Directions: Pictures stay out of the copy. Retype exactly the lines below from the one with "BMW 3 F30 31" through the one with "Yeşilyurt Genç Meclis'te".

Records for processing:
┌────────

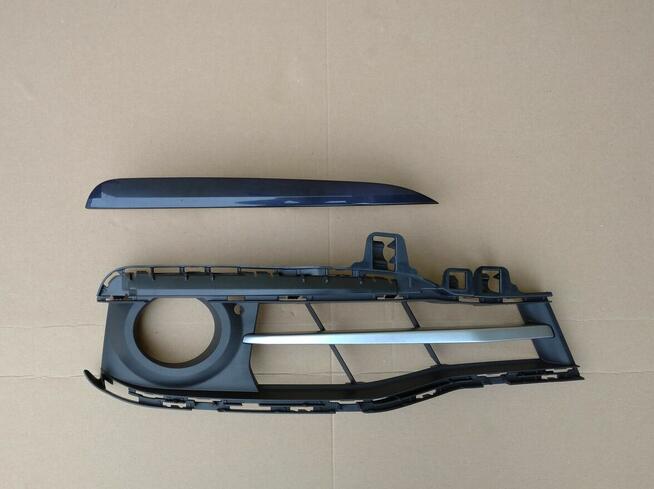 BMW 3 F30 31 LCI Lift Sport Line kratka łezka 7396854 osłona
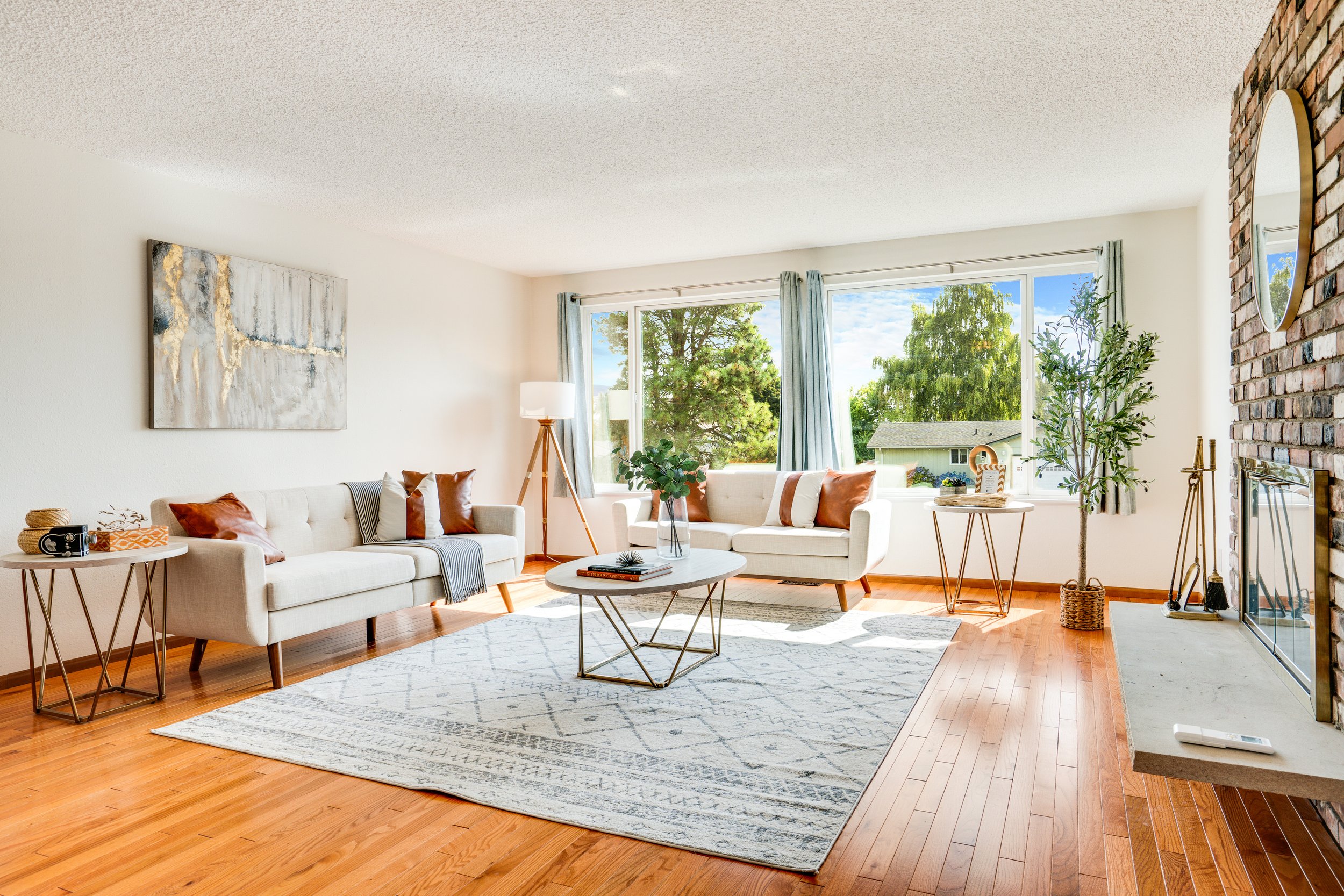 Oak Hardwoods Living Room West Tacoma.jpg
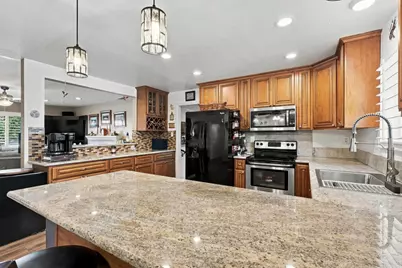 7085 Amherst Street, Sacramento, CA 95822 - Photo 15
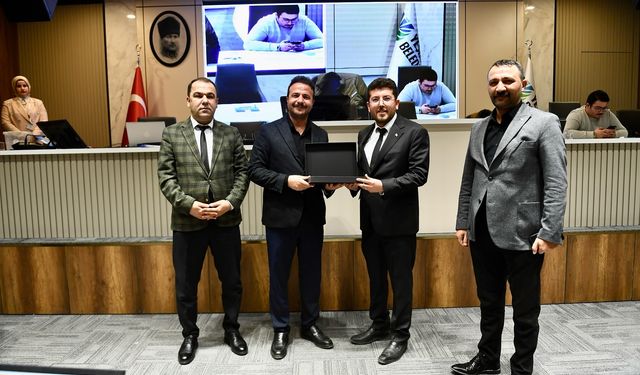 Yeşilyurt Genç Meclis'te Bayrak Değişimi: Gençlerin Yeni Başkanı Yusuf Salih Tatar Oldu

└────────
┌────────

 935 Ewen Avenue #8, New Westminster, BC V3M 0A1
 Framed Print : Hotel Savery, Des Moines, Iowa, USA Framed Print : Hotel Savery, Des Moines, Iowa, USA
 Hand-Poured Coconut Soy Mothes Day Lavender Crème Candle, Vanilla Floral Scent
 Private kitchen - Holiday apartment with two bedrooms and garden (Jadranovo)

└────────
┌────────

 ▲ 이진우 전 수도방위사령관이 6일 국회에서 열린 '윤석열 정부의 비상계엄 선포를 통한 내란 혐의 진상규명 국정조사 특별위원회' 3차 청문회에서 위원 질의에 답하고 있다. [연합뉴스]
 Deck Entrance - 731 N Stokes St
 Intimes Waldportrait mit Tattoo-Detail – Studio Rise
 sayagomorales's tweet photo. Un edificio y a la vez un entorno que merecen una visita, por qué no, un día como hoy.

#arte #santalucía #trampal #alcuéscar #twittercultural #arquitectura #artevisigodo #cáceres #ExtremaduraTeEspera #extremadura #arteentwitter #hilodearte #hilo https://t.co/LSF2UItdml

└────────

Reply:
 BMW 3 F30 31 LCI Lift Sport Line kratka łezka 7396854 osłona
 Oak Hardwoods Living Room West Tacoma.jpg
 7085 Amherst Street, Sacramento, CA 95822 - Photo 15
 Yeşilyurt Genç Meclis'te Bayrak Değişimi: Gençlerin Yeni Başkanı Yusuf Salih Tatar Oldu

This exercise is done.